(Data for analysis Opens)

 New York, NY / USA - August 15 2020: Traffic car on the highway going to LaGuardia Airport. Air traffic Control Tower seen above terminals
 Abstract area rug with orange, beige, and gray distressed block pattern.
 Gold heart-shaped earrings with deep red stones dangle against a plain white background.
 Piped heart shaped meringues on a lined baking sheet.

(Data for analysis Closes)
(Data for analysis Opens)

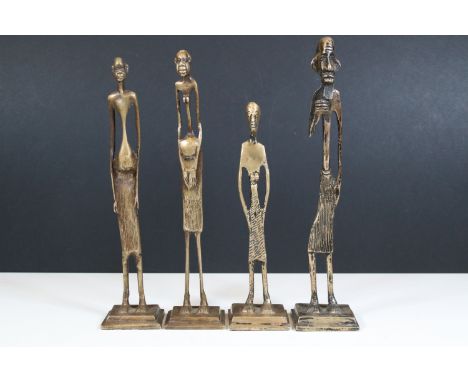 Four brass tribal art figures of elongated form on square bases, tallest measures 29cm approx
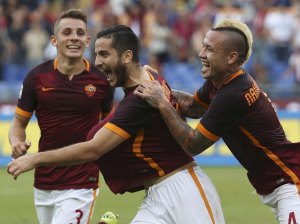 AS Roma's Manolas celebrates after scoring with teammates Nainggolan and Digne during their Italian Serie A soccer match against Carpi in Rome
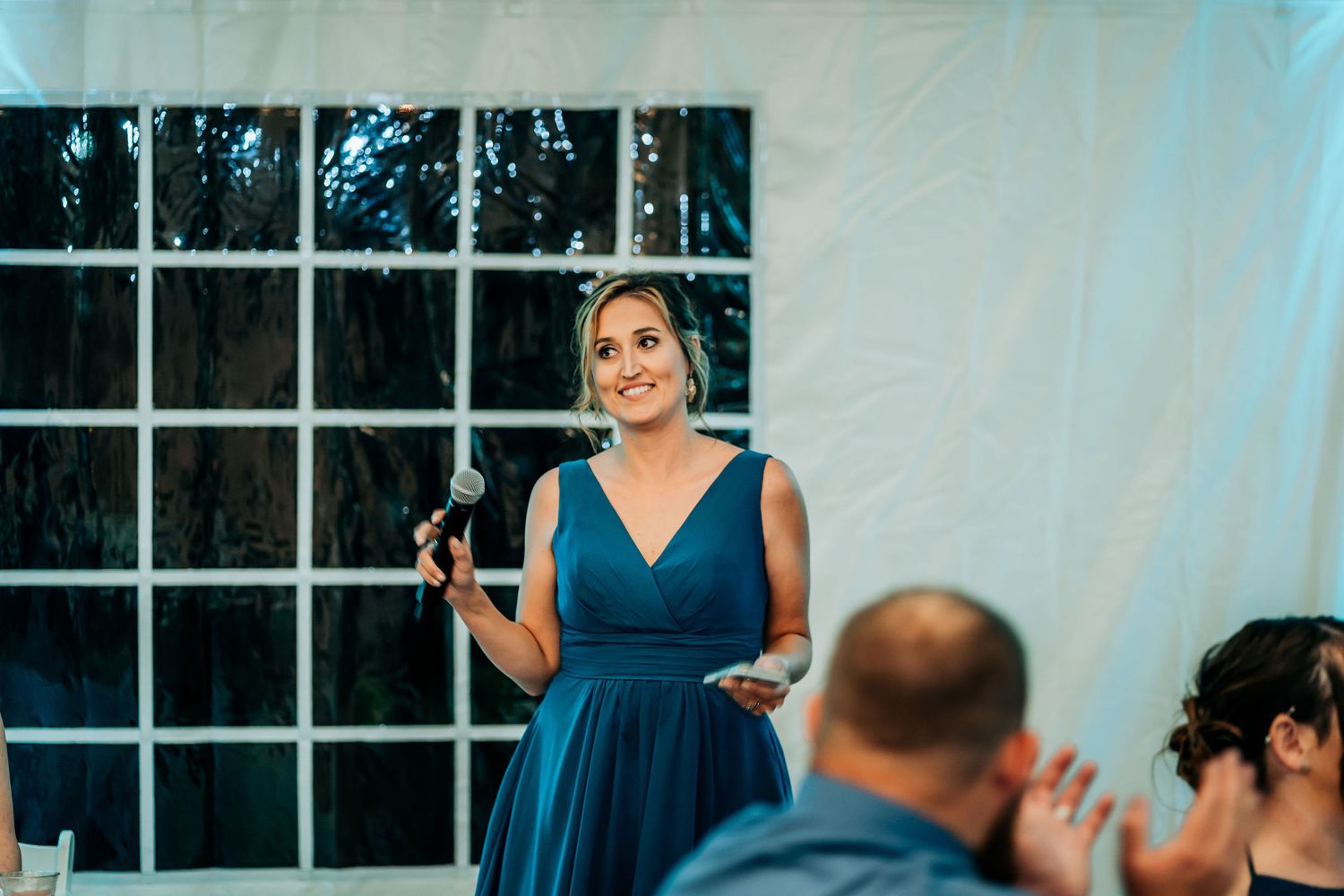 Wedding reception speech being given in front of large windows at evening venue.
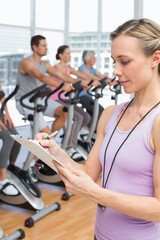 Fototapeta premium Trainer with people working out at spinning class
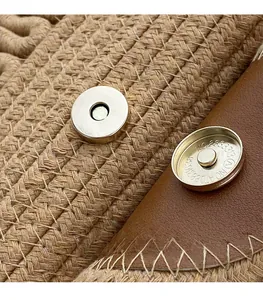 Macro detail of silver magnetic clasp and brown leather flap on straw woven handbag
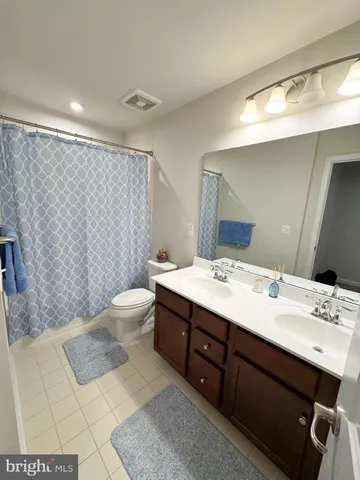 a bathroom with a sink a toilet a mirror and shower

(Data for analysis Closes)

What you should do:
Above are the entries; copy out every line among them that contains the word "heart".

Exercise output:
 Gold heart-shaped earrings with deep red stones dangle against a plain white background.
 Piped heart shaped meringues on a lined baking sheet.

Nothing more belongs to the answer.